Au loin, le bruit des moteurs, déjà. Et là, les tiges d’acier crèvent le ciel blanc, Les fils, dans leur costume rétondulé, étendent les araignées, Les fenêtres sont aux nuages.
L’échafaudage, tout clinquant de rosée, grince un peu sous les semelles. Je monte, “pour aller voir”. De quel os est donc faite la belle ? De quel grain se pavane-t-elle déjà, droite et fière, nue et trouée ? Quel est donc son dessein, à cette dame silencieuse ? Vers quel dieu tourne-t-elle son oeil, alors que ses pieds sont dans la boue, la ferraille et la sueur du chantier ? Quelques toussotements, les gants rigides et le mot du jour qui commence, les gars arrivent.

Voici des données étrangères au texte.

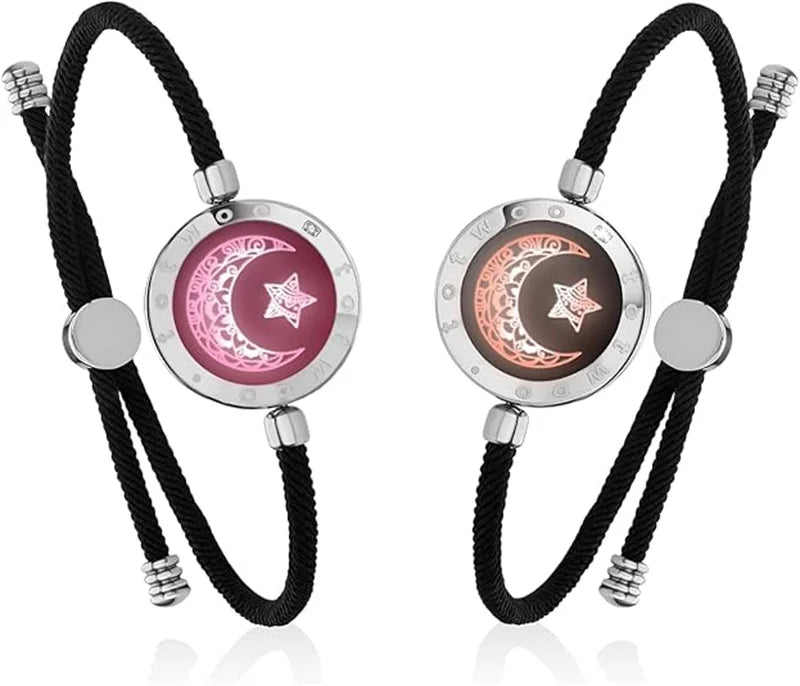 TOTWOO Long Distance Touch Bracelets for Couples ,Light up&Vibration Relationship Gifts for Lovers Smart Jewelry Love Bracelets
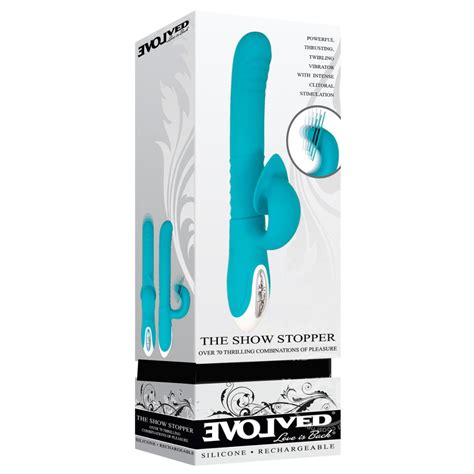 The Show Stopper Thrusting And Rotating Dual Stimulator Teal Chazzy Couples Boutique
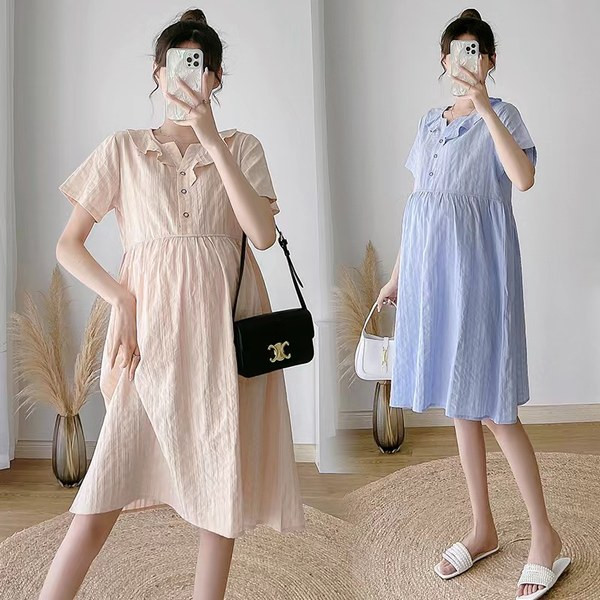 Široka trudnička haljina s V-izrezom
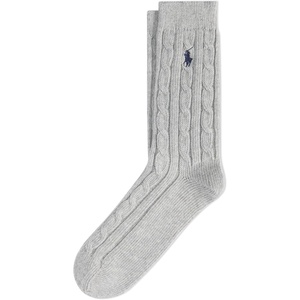POLO RALPH LAUREN Women’s Cable Solid Color Crew Socks(Light Gray Heather)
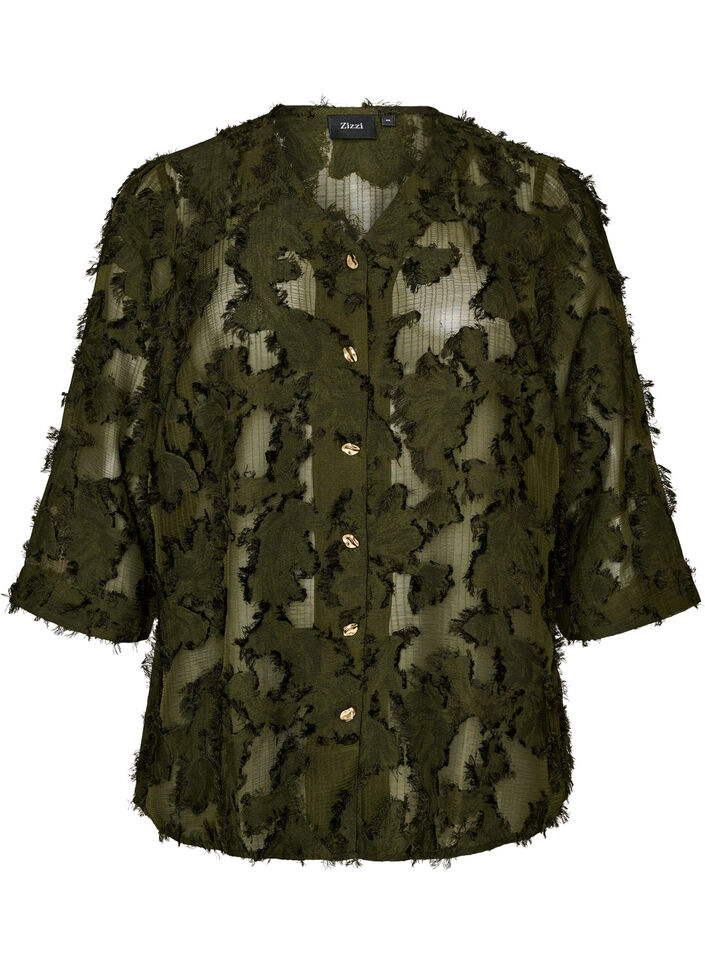Blouse met rafelige draden en textuur, Groen, Packshot image number 0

Ils vont la travailler, la bête. Ils vont la marteler et la peigner, figer ses rides et fixer ses membres. Chacun à leur poste, tels de petits génies, ils vont lui donner leur souffle, leur sang, leurs mots. Ils vont marcher cent fois encore entre ses coiffes et ses peaux, forcer encore sur ses doigts mal articulés.
Et la terre crevée, et la dalle de béton, et le linteau de bois, durs de silence, attendent patiemment qu’on leur pose une maison sur le dos.